I tried to solve this with regex, Helped by RegexBuddy I came to this one:

[\d]+([\d]{0,4}+[1-9])0*

But python can't compile that.

>>> import re
>>> re.compile(r"[\d]+([\d]{0,4}+[1-9])0*")
Traceback (most recent call last):
  File "<stdin>", line 1, in <module>
  File "/usr/lib/python2.5/re.py", line 188, in compile
    return _compile(pattern, flags)
  File "/usr/lib/python2.5/re.py", line 241, in _compile
    raise error, v # invalid expression
sre_constants.error: multiple repeat

The problem is the "+" after "{0,4}", it seems it doesn't work in python (even in 2.6)

How can I write a working regex?

PS: I know you can start dividing by 10 and then using the remainder n%100000... but this is a problem about regex.

Answer

Blixt picture Blixt · Jun 15, 2009

That regular expression is very superfluous. Try this:

>>> import re
>>> re.compile(r"(\d{0,4}[1-9])0*$")

The above regular expression assumes that the number is valid (it will also match "abc0123450", for example.) If you really need the validation that there are no non-number characters, you may use this:

>>> import re
>>> re.compile(r"^\d*?(\d{0,4}[1-9])0*$")

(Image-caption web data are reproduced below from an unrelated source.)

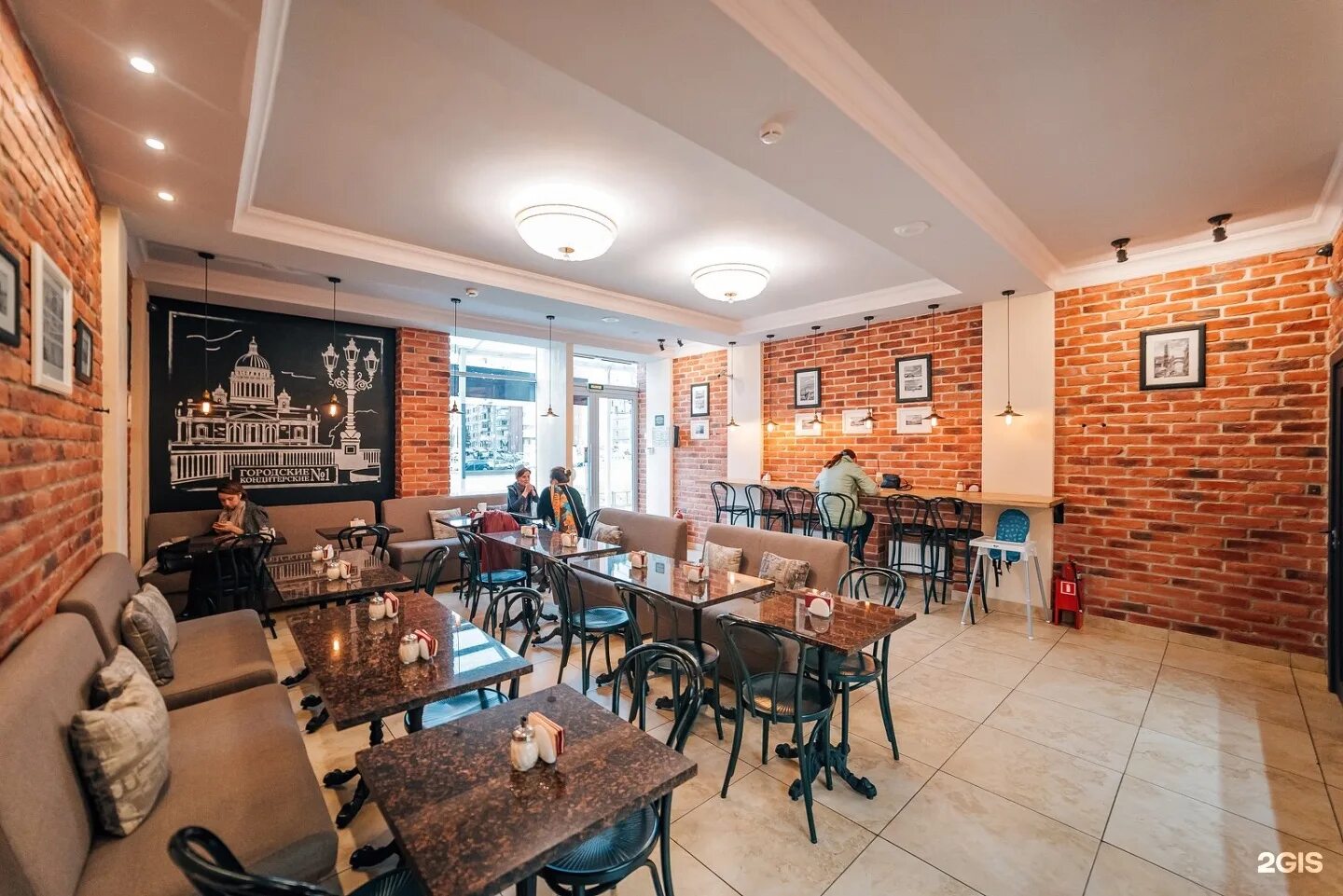 Кафе 1 санкт петербург. Санкт-петербург владимировский проспект рестораны. Кофейня 1 кирпичный переулок 3. Кофейня 1 адмиралтейская. Кафе 1 санкт петербург.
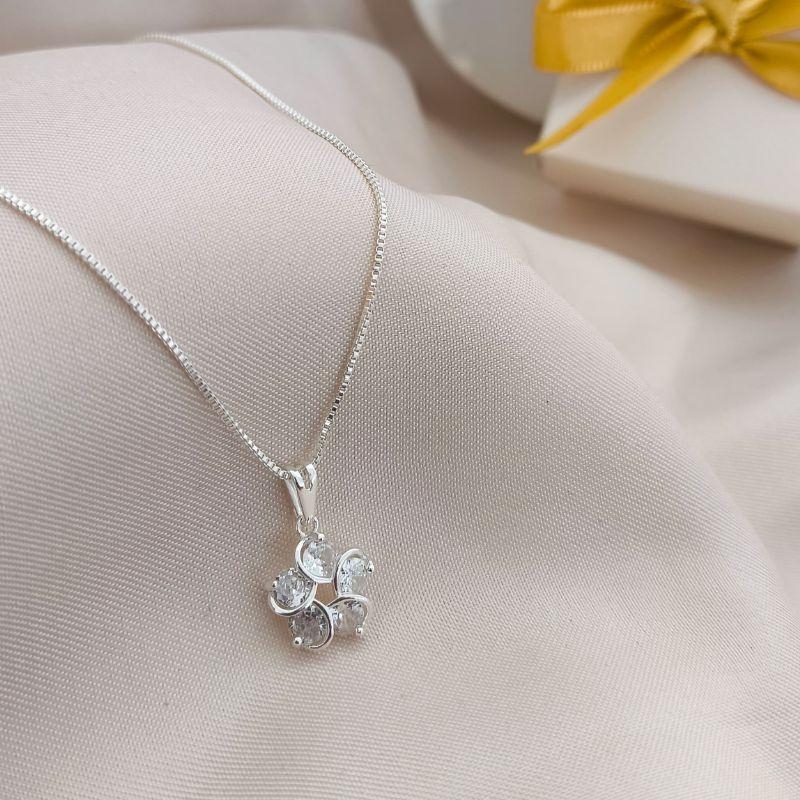 COLAR COM FLOR E COM 5 PEDRAS DE ZIRCONIA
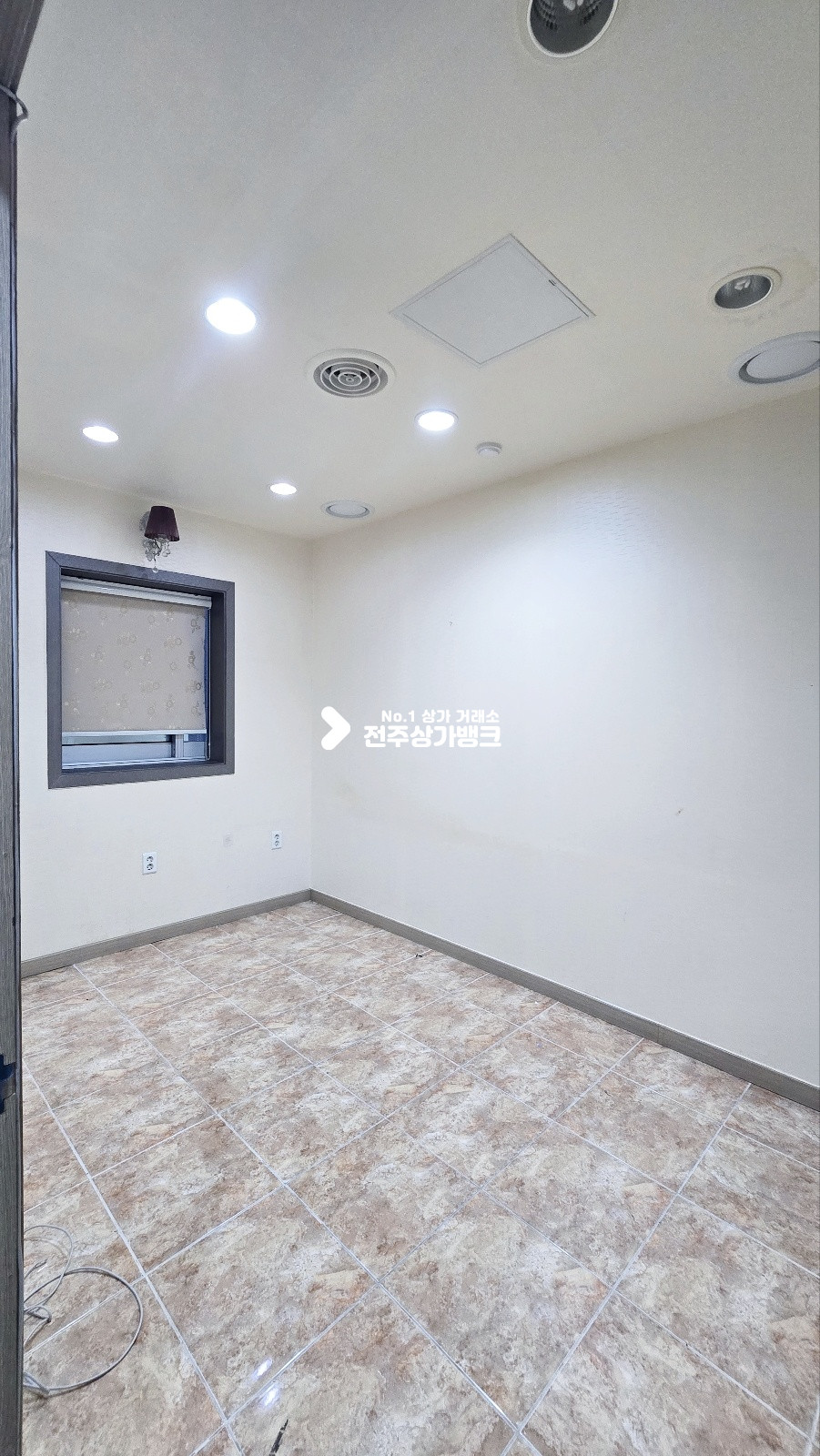 전북 전주완산구 효자동3가 효자동3가 신시가지 룸시설 , 샤워시설 사용가능 깔끔인테리어! 즉시입주가능 월세 매물번호 16735 사진 12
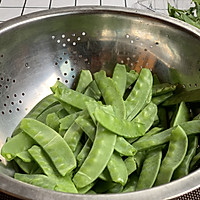 荷兰豆炒火腿的做法图解1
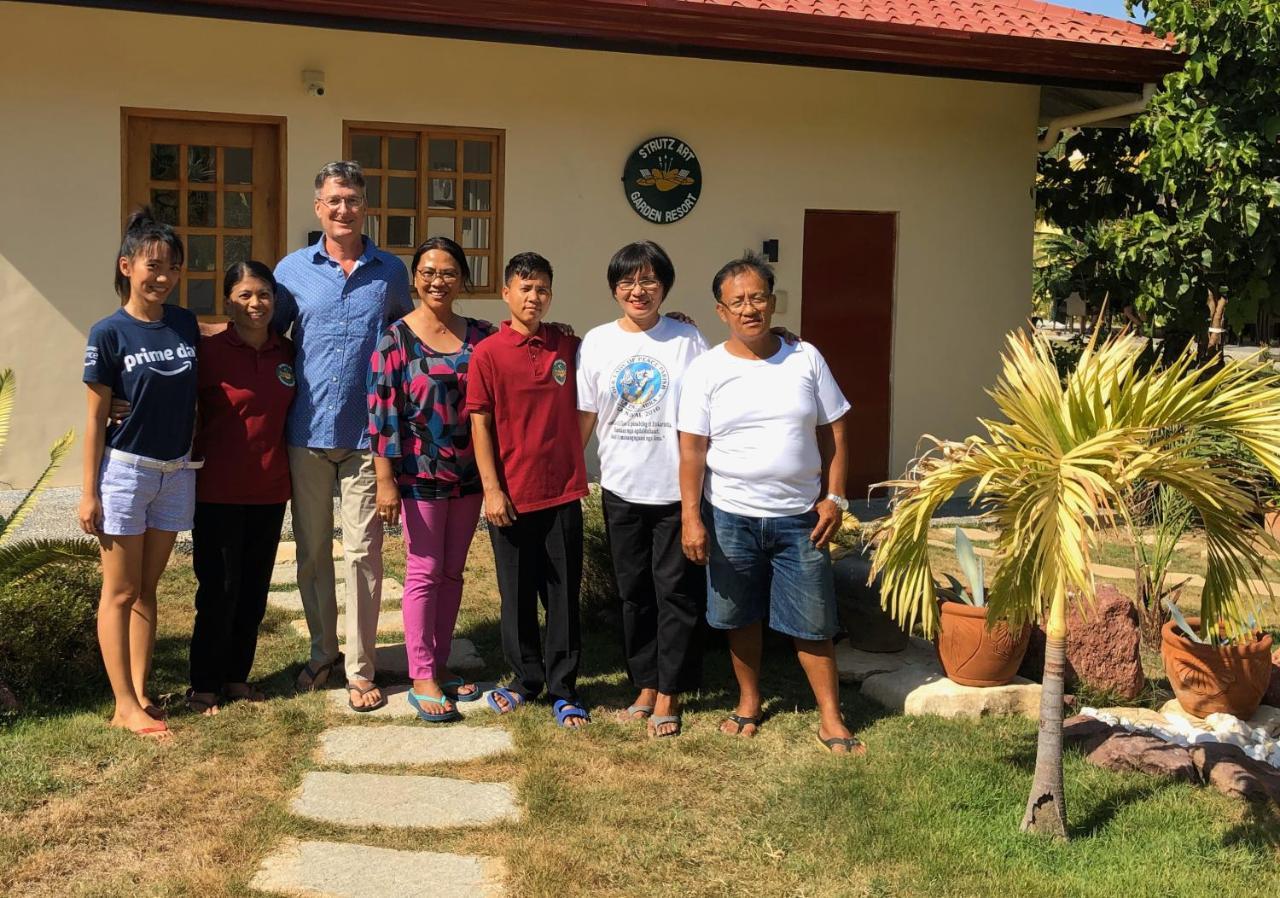 Strutz Art Garden Resort Bangued Exteriör bild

Anyways, the \d does not need to be in a character class, and the quantifier {0,4} does not need to be forced to be greedy (as the additional + specifies, although apparently Python does not recognize that.)

Also, in the second regular expression, the \d is non-greedy, as I believe this will improve the performance and accuracy. I also made it "zero or more" as I assume that is what you want.

I also added anchors as this ensures that your regular expression won't match anything in the middle of a string. If this is what you desired though (maybe you're scanning a long text?), remove the anchors.